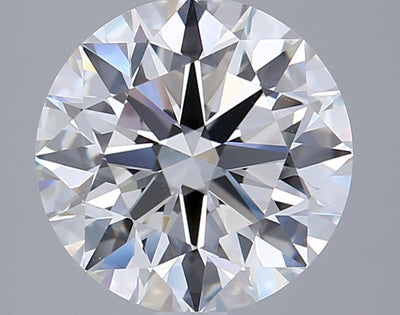2.71 Carat Round Lab Diamond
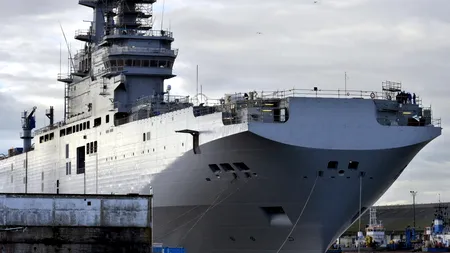 Ce țară cumpără navele Mistral, după ce Franța a anulat contractul cu Rusia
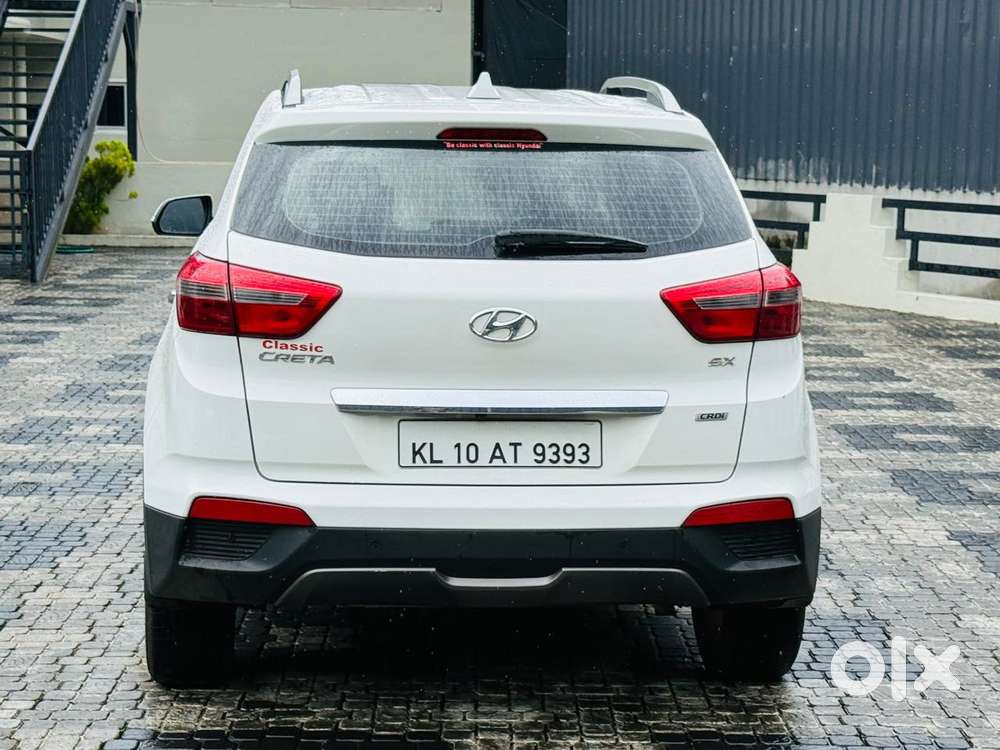 Hyundai Creta 1.6 Sx (o), 2015, Diesel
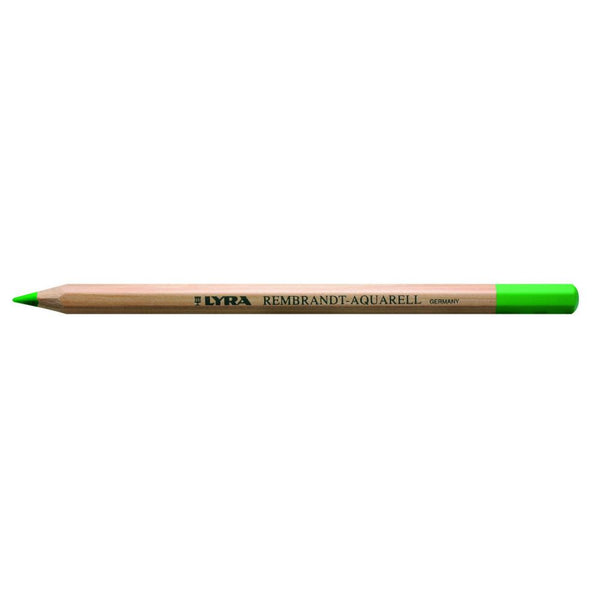 Lyra Rembrandt Aquarell Watercolour Art Pencil (Permanent Green, Pack of 12)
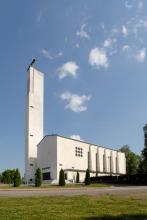 Nakkilan kirkko, ulkokuva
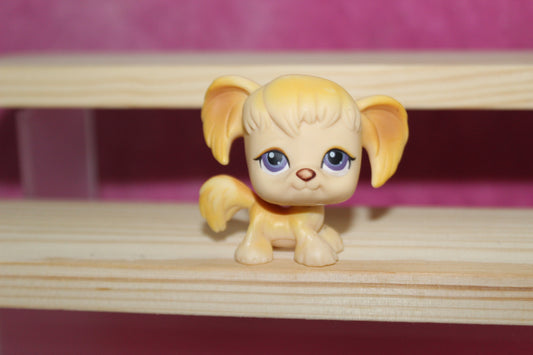Authentic LPS Cocker Spaniel Dog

━━━━━━━━━━━━━━━━━━━━

= Work to complete =
Transcribe the full listing above exactly, with the images removed.

= Response to the exercise =
2.71 Carat Round Lab Diamond
 Ce țară cumpără navele Mistral, după ce Franța a anulat contractul cu Rusia
 Hyundai Creta 1.6 Sx (o), 2015, Diesel
 Lyra Rembrandt Aquarell Watercolour Art Pencil (Permanent Green, Pack of 12)
 Nakkilan kirkko, ulkokuva
Authentic LPS Cocker Spaniel Dog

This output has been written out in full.